Capitale emblématique, Paris jouit d’une réputation intemporelle de « plus belle ville du monde ». Les touristes se font nombreux à l’été. Cependant, depuis quelques années, le paysage du tourisme parisien change. Dans un contexte d’expansion économique asiatique, nombreux sont les nouveaux riches chinois à visiter la capitale. Ces derniers transportent sur eux des quantités importantes d’euros liquides et sont devenus la proie principale des pick pockets et de la petite délinquance. Avec les scandales qui l’ont accablée ces dernières années[1], Paris acquiert une réputation d’insécurité qui affecte son attractivité alors que l’expansion du tourisme mondial profite à d’autres destinations.

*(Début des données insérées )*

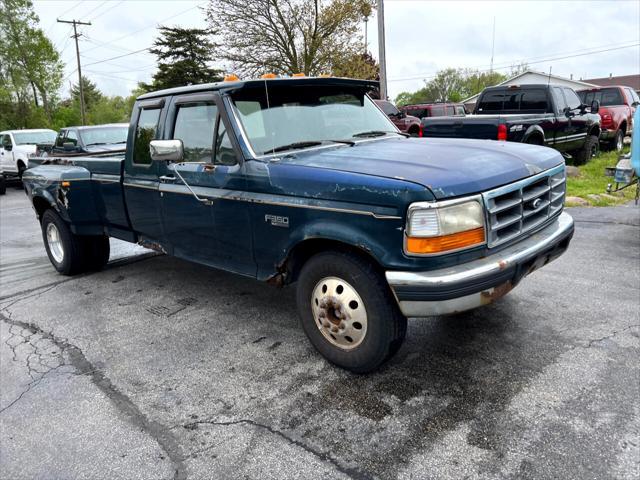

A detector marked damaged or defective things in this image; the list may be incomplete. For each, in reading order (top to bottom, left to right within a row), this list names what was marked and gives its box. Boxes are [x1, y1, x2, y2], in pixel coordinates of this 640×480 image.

cracked pavement [0, 188, 636, 480]
rusty wheel rim [312, 276, 368, 350]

L’enjeu est de taille pour la France qui tire une partie importante de ses revenus du tourisme. Dans un contexte de crise, le gouvernement redouble de mesures pour maintenir la renommée de la capitale et l’arrivée de touristes. Avec 1,4 millions de clients chinois en 2013, la clientèle asiatique constitue la plus grande part du revenu du tourisme. Annoncé par Bernard Cazeneuve, Ministre de l’Intérieur, le plan de mesure pour l’été 2014 prévoyait l’arrivée d’une dizaine de patrouilleurs chinois pour rassurer leurs nationaux et faciliter les relations des touristes avec la police française.

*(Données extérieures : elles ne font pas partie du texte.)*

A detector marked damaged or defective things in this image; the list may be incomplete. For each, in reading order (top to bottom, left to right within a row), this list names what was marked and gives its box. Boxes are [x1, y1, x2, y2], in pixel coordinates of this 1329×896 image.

Cette mesure est surprenante à bien des égards. Tout d’abord, l’autorisation de la présence d’une police non-européenne sur le sol français constitue un précédent remarquable. Depuis 2008, la police française a pris l’habitude de patrouiller aux côtés d’agents allemands, belges et anglais. La présence de policiers européens avait pour but d’agir sur la criminalité. En effet, il avait été remarqué que la petite délinquance (signature de fausses pétitions, pick pockets) était le fait d’enfants mineurs roumains. Un plan de mesures mis en œuvre pour l’été 2013 prévoyait l’arrivée de policiers roumains pour aider à l’identification et à l’arrestation des mineurs incriminés. Le but de leur présence était bien d’agir sur la criminalité en arrêtant les délinquants.

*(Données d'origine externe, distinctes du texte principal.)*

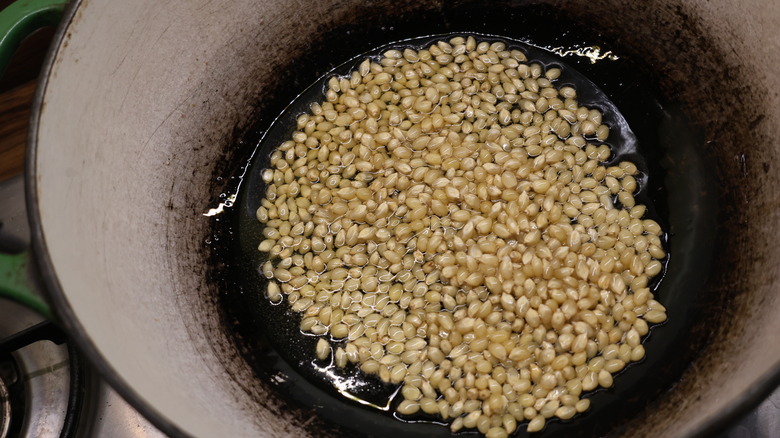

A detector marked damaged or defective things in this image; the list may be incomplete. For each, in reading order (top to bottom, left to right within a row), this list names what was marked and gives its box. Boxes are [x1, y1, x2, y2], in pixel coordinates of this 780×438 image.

Or, comme l’affirme Bernard Boucault, préfet de police de Paris, la mesure de 2014 ne prévoyait aucune compétence policière aux agents chinois. Dépourvus de pouvoir, l’efficacité de leur présence reposait uniquement sur l’importance de leur symbole. Réputés pour leur fermeté, les policiers chinois auraient contribué à dissuader les pick-pockets d’agresser des touristes asiatiques. Leur présence aurait altéré l’environnement des délinquants, habitués des polices européennes dont ils connaissent les routines et méthodes.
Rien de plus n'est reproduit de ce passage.